On the other hand, even well maintained vehicles will show signs of wear and age which are actually part of the surface – so even if you are a model maker who doesn’t want to cover their models in mud, there are details you might want to incorporate to enhance their appearance.
Let’s Start with Paint.
Initially, military vehicles are usually factory-painted with a spray gun, using hard wearing paint that can stand up to rain, sunlight, and even chemical agents. Whereas many older paints were semi-gloss, modern camouflage colors tend to be very flat. Austrian gear used to be painted in RAL7013 “Braungrau” (“Brown Grey”, actually a brownish olive drab), newer gear acquired from other countries usually comes in NATO Green. All these colors will eventually fade, as almost no paint is entirely resistant to UV light. Furthermore, one batch of paints might slightly vary from another, making spot painting a fun job.
Details of an ÖAF heavy truck in the old RAL7013 scheme. Notice the difference in tone between the box and the fuel tank. Also some nice streaking.
An ATF Dingo 2 in NATO Green. Of interest are the scratches on the rear door, and the faint remnants of tactical markings on the driver’s door and beneath the fuel filler. Notice the difference in tone between the hood and the rest of the vehicle, a result of the metals having different textures.
Close enough for government work. Whatever the markings on this water container used to say, they were painted over with a roller and little care for color fidelity.
There is an ongoing discussion about “hard edge” vs. “soft edge” camouflage. So let’s see what we’ve got here…
This ÖAF 10-ton truck sports a standard NATO three-tone camouflage, factory-applied and by-the-book. And then there is the box behind the cab… Looks like someone’s Tamiya tape came off during painting. The rear body might have been added to an existing chassis and painted to match the front.
This one looks somewhat freehanded. The demarcation between brown and green is especially interesting. Also note how badly the flat paint reacts to any kind of grease or oil.
Good tape job on this AFV Ulan. Or is this freehand?

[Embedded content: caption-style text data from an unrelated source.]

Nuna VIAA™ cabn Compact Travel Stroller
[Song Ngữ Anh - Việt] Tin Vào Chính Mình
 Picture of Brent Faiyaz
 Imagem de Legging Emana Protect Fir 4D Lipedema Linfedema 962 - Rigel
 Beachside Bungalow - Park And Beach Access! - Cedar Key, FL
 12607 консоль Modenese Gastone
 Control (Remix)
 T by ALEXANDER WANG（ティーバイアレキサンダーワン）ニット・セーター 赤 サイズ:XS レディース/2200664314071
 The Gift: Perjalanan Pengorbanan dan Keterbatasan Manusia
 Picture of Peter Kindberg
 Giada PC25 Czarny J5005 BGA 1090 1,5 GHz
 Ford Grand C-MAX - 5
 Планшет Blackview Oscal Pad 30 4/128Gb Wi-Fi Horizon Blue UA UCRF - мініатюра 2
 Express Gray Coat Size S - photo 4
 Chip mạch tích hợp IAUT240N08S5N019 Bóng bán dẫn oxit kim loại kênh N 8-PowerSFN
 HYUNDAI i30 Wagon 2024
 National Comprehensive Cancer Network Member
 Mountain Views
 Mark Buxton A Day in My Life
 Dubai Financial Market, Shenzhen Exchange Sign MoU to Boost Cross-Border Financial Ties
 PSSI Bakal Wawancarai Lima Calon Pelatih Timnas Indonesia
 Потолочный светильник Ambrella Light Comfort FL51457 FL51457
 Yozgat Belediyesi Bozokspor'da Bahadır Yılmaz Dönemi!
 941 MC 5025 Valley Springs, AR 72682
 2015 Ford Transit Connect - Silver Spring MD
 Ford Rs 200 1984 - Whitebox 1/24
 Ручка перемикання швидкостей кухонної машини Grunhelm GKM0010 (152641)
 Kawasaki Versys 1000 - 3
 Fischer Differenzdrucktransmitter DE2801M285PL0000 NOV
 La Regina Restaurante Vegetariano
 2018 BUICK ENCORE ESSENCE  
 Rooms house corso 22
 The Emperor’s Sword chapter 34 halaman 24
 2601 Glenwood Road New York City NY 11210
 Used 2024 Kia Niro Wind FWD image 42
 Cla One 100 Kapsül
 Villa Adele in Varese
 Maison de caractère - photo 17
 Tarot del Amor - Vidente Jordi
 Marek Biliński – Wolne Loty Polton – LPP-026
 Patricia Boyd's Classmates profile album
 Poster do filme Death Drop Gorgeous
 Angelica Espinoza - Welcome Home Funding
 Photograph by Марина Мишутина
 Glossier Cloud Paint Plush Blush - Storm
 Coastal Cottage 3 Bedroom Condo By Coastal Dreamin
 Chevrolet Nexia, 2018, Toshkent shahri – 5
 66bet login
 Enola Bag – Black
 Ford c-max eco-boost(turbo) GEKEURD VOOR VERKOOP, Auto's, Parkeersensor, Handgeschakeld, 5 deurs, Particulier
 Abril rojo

Nope. You can literally feel the ridge where the paint bumped against whatever template was used.
Many modern vehicles have plastic bumpers, and the black ones are prone to massive discoloration due to sunlight. Compare the bumper to the frame around the headlights. They once used to be the same color.
Things get bumped around in military service. And when they got bumped around enough, someone will be there to paint over the bruises.
Side shots of an ATF Dingo 2. The rough texture of the armor plating scratches easily, and again the flat paint does not respond too kindly to grubby fingers.
Fine chipping and not-so-fine brush work on a truck. Proves the point that paint chips “can never be too small”.
Splashes, yay! Not sure what is going on here, as the rest of this vehicle was spotless.
This part has something for everyone. To reproduce all this, you could easily use four different techniques.
They almost got away with hiding the rust…
… but not quite.
This truck seems to have been repainted a number of times. Note how the aluminium hooks chip, but do not rust – if you want to keep it realistic, you need to know what the real thing is made of.
Now this is some corrosion control. One wonders if the poor guy counted the rivets while painting around them.
Same here. Looks like the old RAL paint was used to cover the rivets on this NATO Green vehicle.
A rigid hull boat, looking as if a bunch of toddlers tested their crayons on it.
A shiny new small excavator…
… as long as you do not look too close.
The same vehicle, its business end having seen some work.
Suddenly, a tarp. This one has been rolled up for some time, leaving a distinct dirt line.
Finally. Some thoughts on all this.
A model maker whose opinions I really respect tends to lose it when people start talking about “over-weathered” or “under-weathered” models. In his view, there is only good or bad storytelling. I could not agree more. When you know what story you want your model to tell, you will know what to do, and you will know if and how much you want to weather it.
It is your model, and you should do with it whatever you like. This article is not meant to say you need to add wear and tear to your model in order to live a happy life. On the other hand, if you just got started with weathering, these images might give you an idea what you can do with your model to help it tell its story.